BEGIN
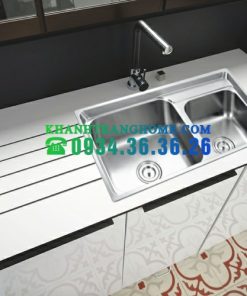 Chậu rửa INOX KAFF KF-M8245GHR - 7 CHẬU RỬA INOX KAFF KF-M8245GHR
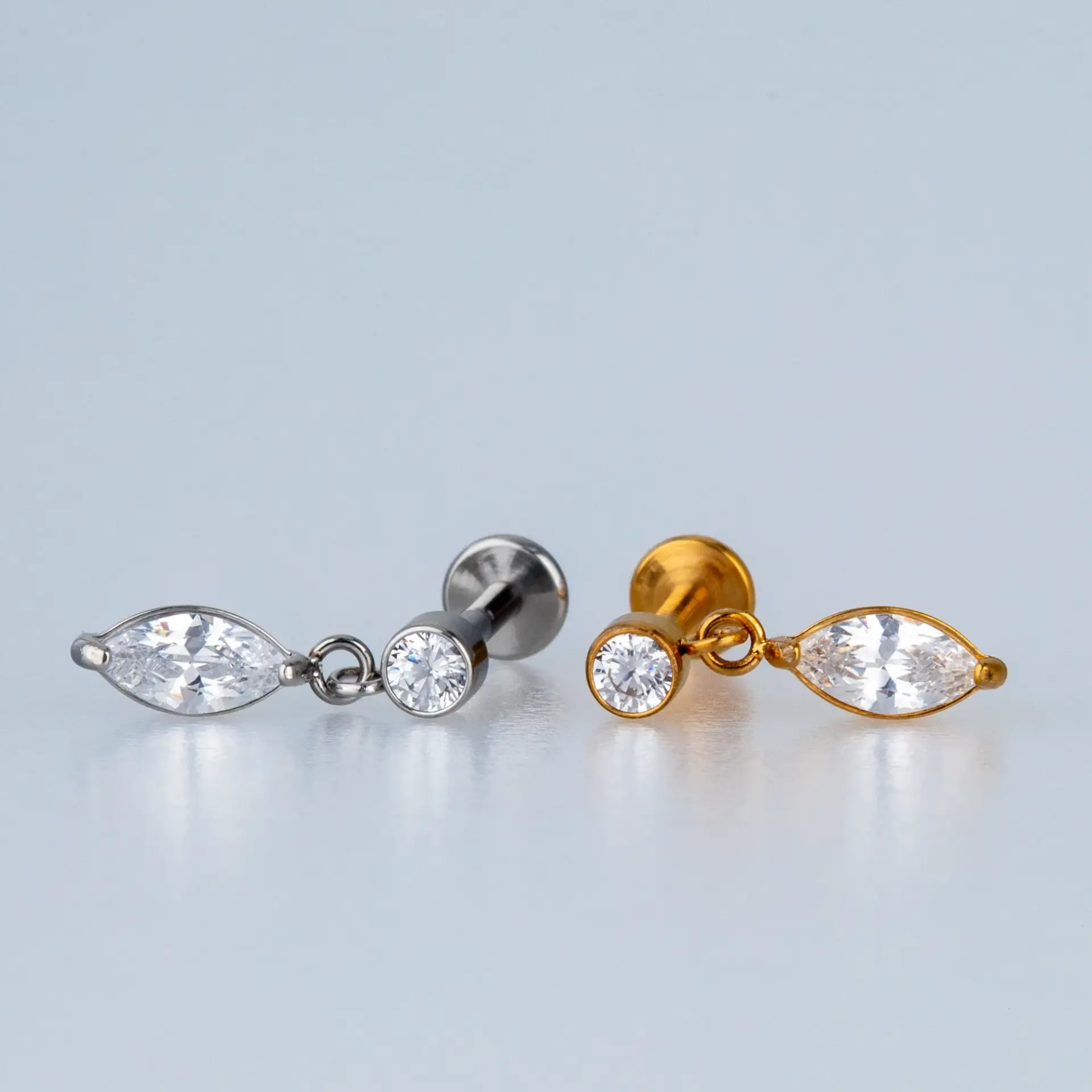 Toptan Piercing Çelik Tragus Helix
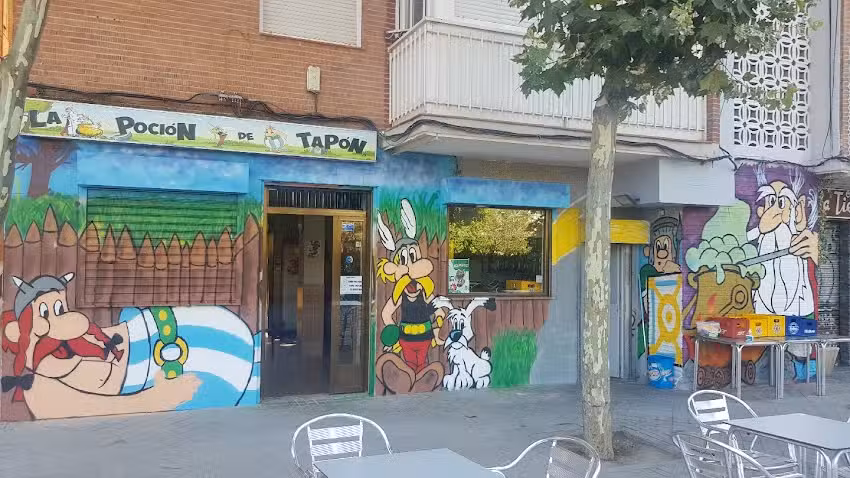 La poci&oacute;n de tap&oacute;n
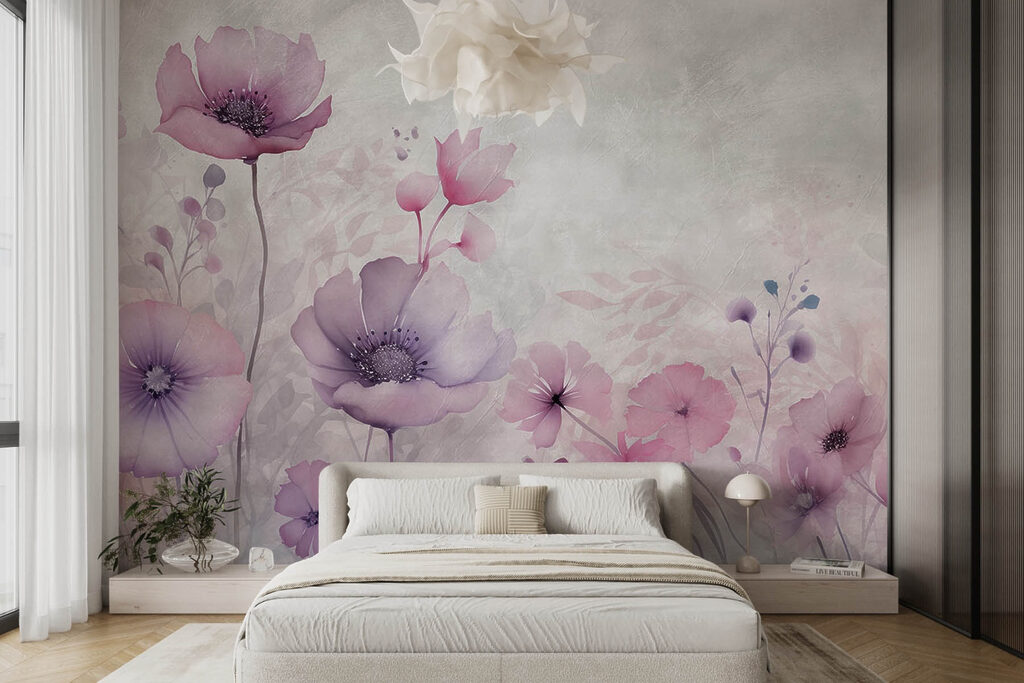 Flores silvestres em névoa — interior 1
END
▸ INSTRUCTIONS TO FOLLOW
Locate the line containing "Toptan Piercing Çelik Tragus Helix" in the material above, then repeat it and every later line exactly, with no pictures.

▸ RESULT OF THE EXERCISE
 Toptan Piercing Çelik Tragus Helix
 La poci&oacute;n de tap&oacute;n
 Flores silvestres em névoa — interior 1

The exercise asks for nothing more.